What you need to do >> Print the line that contains "Лестница двухсекционная 2x9", then every line after it until the entries end, exactly as they read; do not include pictures.

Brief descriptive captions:
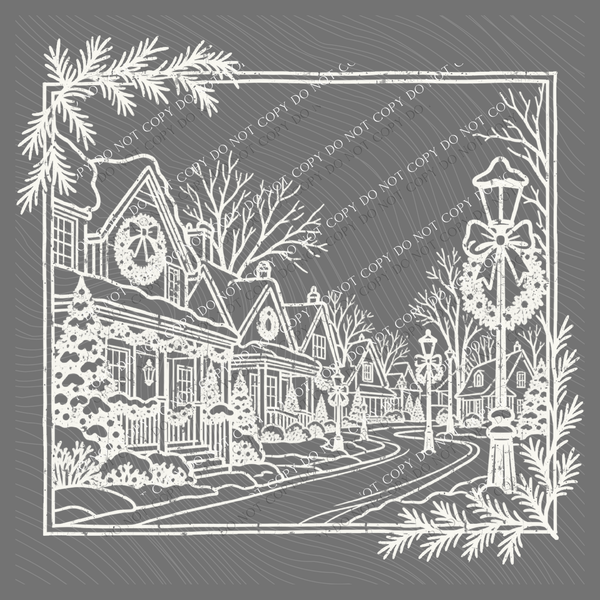 Christmas Village Silhouette Digital Design, PNG
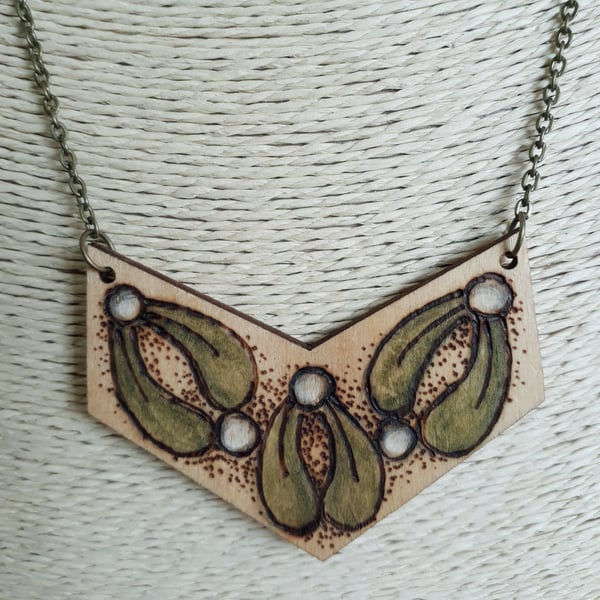 Pyrography mistletoe pendant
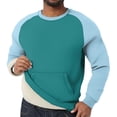 thumbnail image 2 of Fshiont Men's Warm Crewneck Sweatshirt Sherpa Fleece Lined Sweatshirts Winter Thermal Heavyweight Fuzzy Soft Pullover Tops with Pocket Turquoise 2XL, 2 of 5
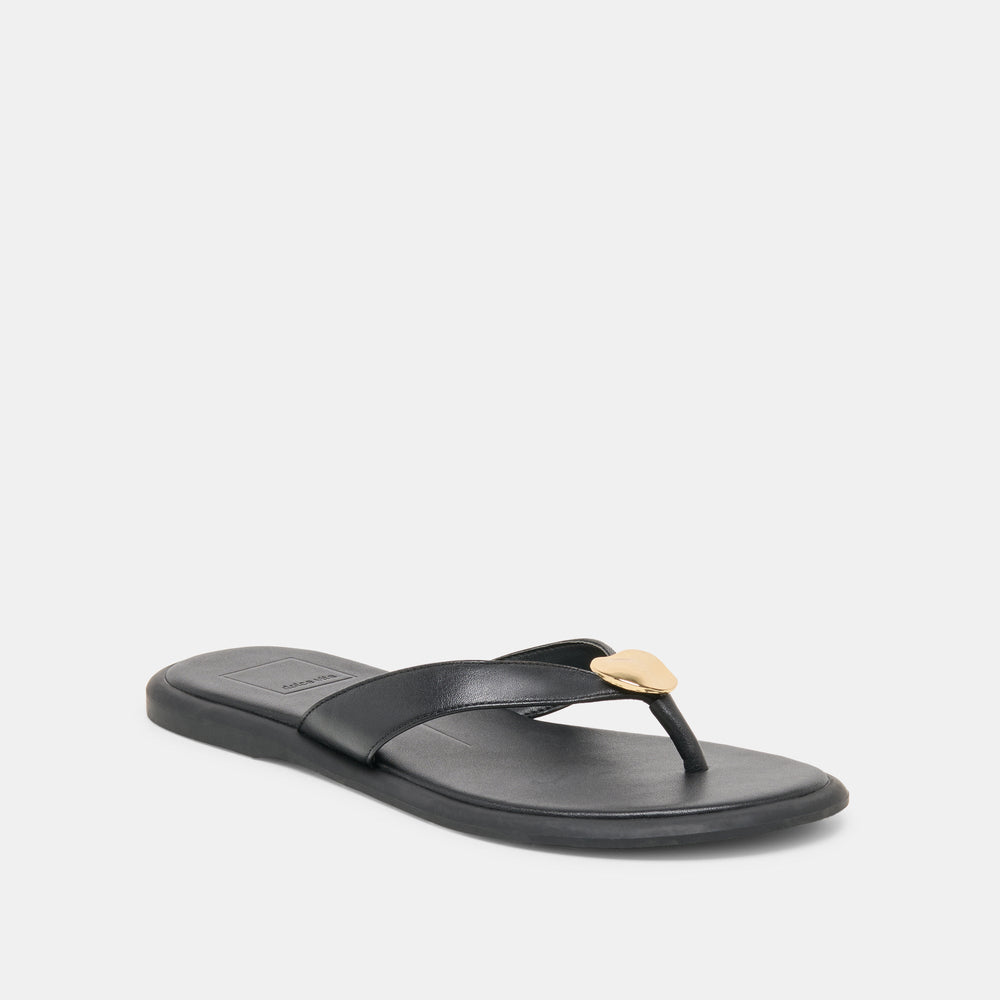 Jaina Black Leather Sandals / Dolce Vita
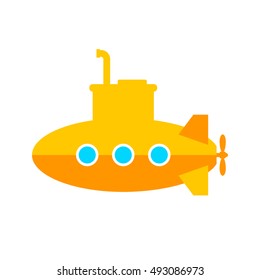 Yellow submarine vector icon on white background   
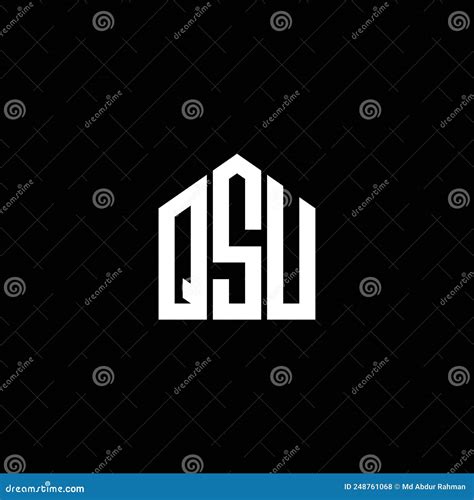 QSU Letter Logo Design on BLACK Background. QSU Creative Initials ...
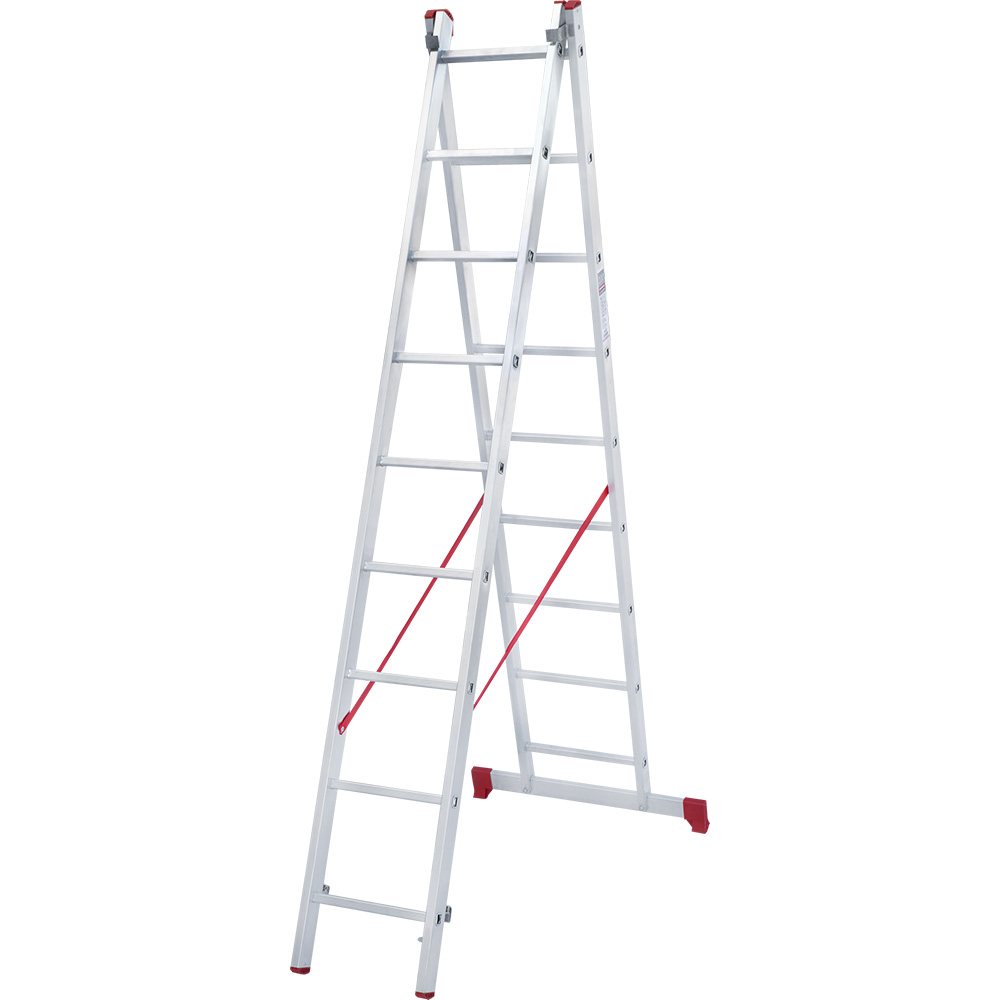 Лестница двухсекционная 2x9 ступеней, NV2220, 3,91м. алюминиевая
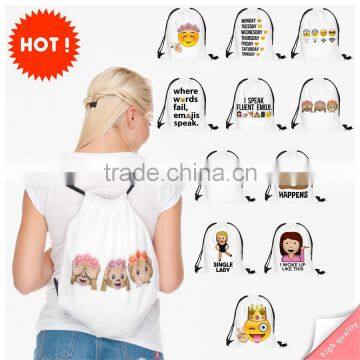 Brand New Hot Sale Custom 3D Print Emoji Polyester Cheap Drawstring Bag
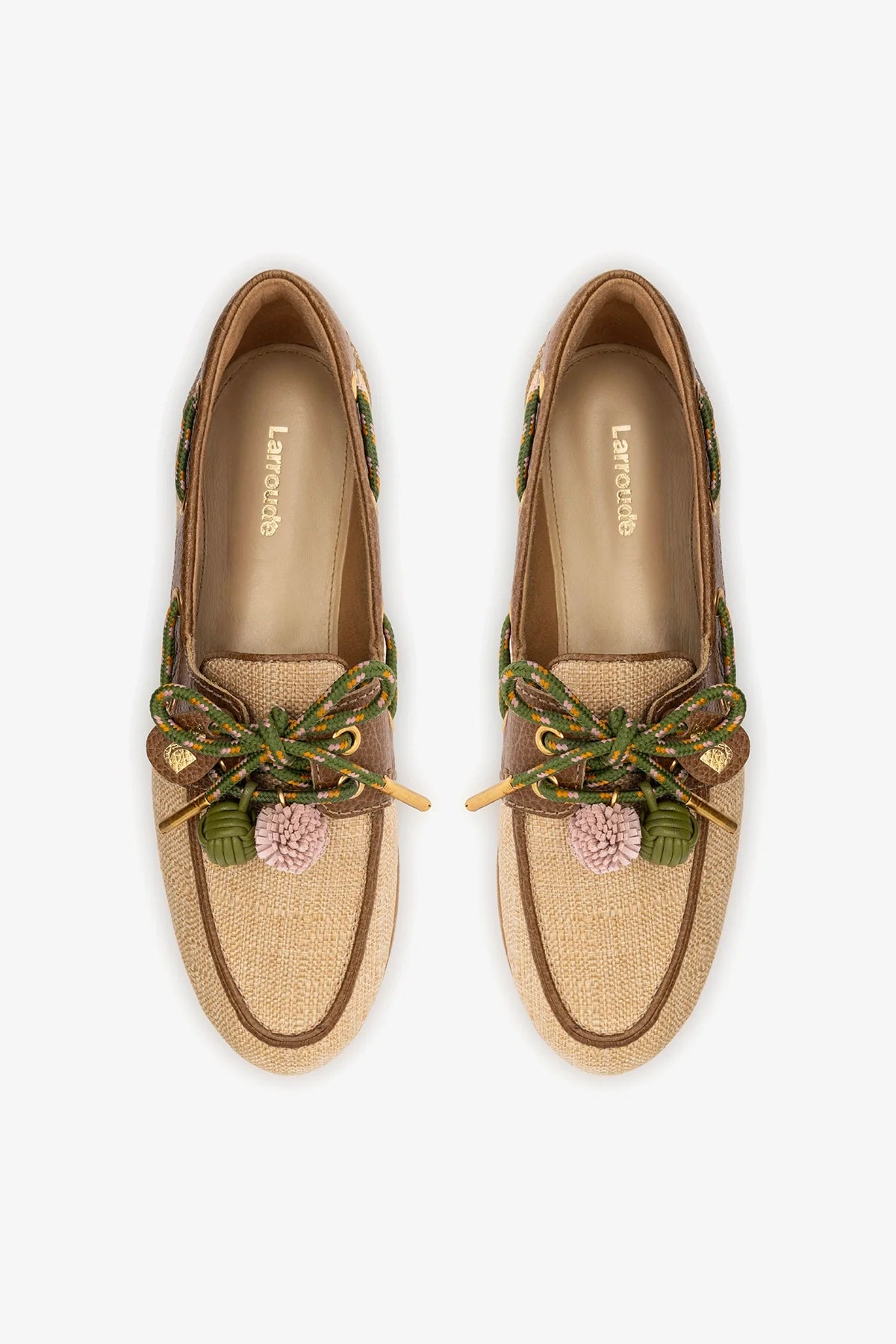 Cyprus Boat Shoe In Beige Raffia And Brown Leather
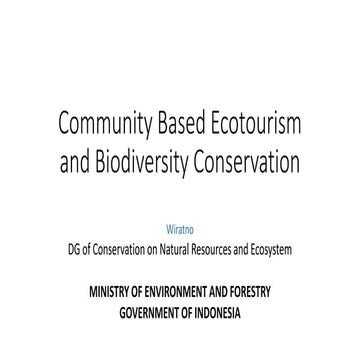 Community based ecotourism and biodiversity conservation | PDF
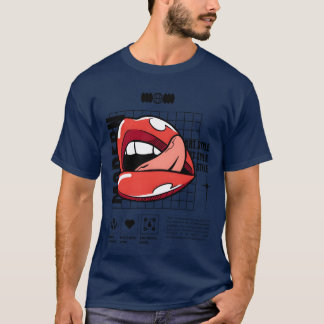 T-shirt Rouge à lèvres Modern Art Lip Print marque fille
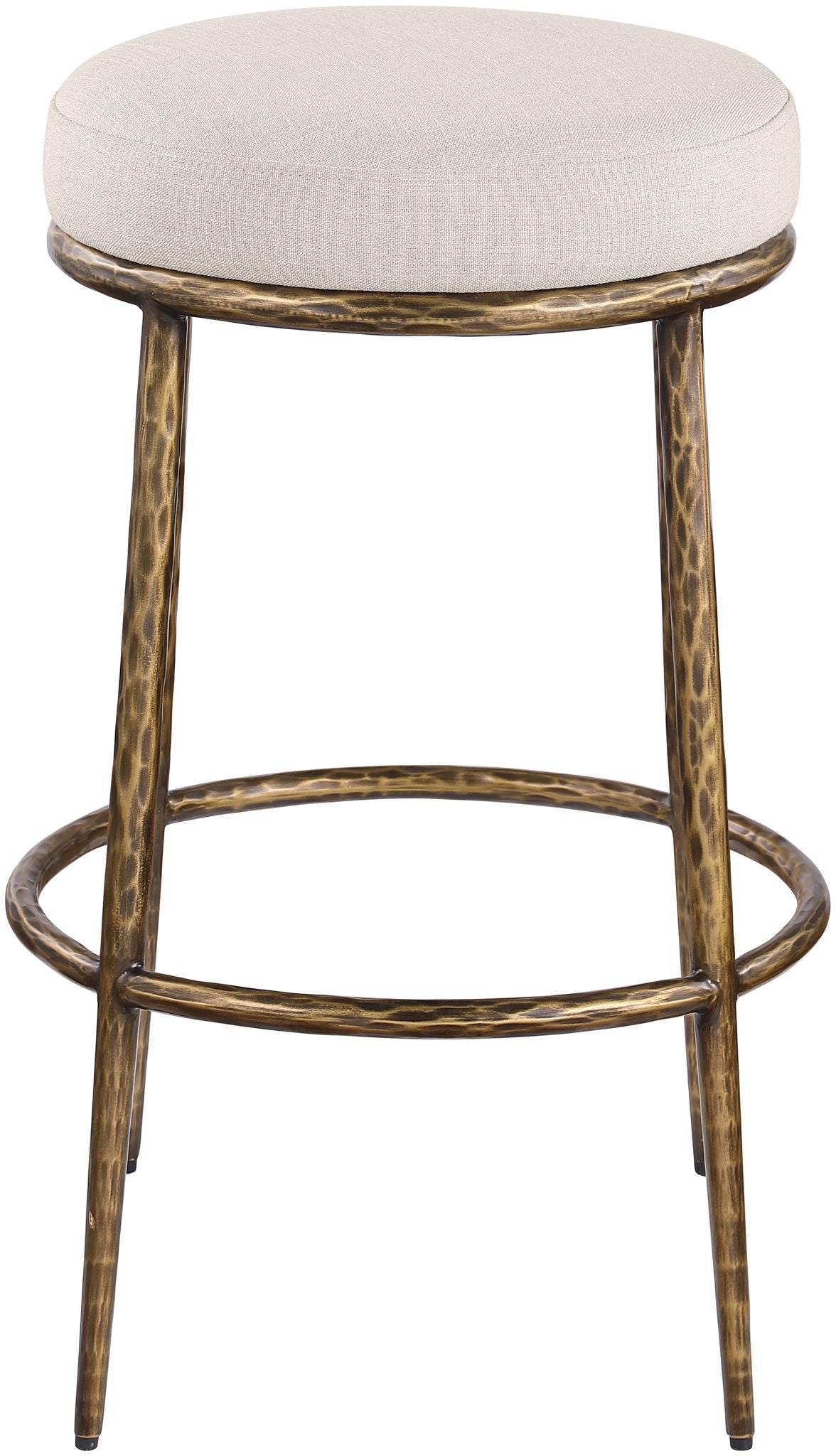 Ferro - Performance Fabric Upholstered Backless Bar Stool - Antique Brass - Urban Living Furniture (Los Angeles, CA)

Written answer >>
 Лестница двухсекционная 2x9 ступеней, NV2220, 3,91м. алюминиевая
 Brand New Hot Sale Custom 3D Print Emoji Polyester Cheap Drawstring Bag
 Cyprus Boat Shoe In Beige Raffia And Brown Leather
 Community based ecotourism and biodiversity conservation | PDF
 T-shirt Rouge à lèvres Modern Art Lip Print marque fille
 Ferro - Performance Fabric Upholstered Backless Bar Stool - Antique Brass - Urban Living Furniture (Los Angeles, CA)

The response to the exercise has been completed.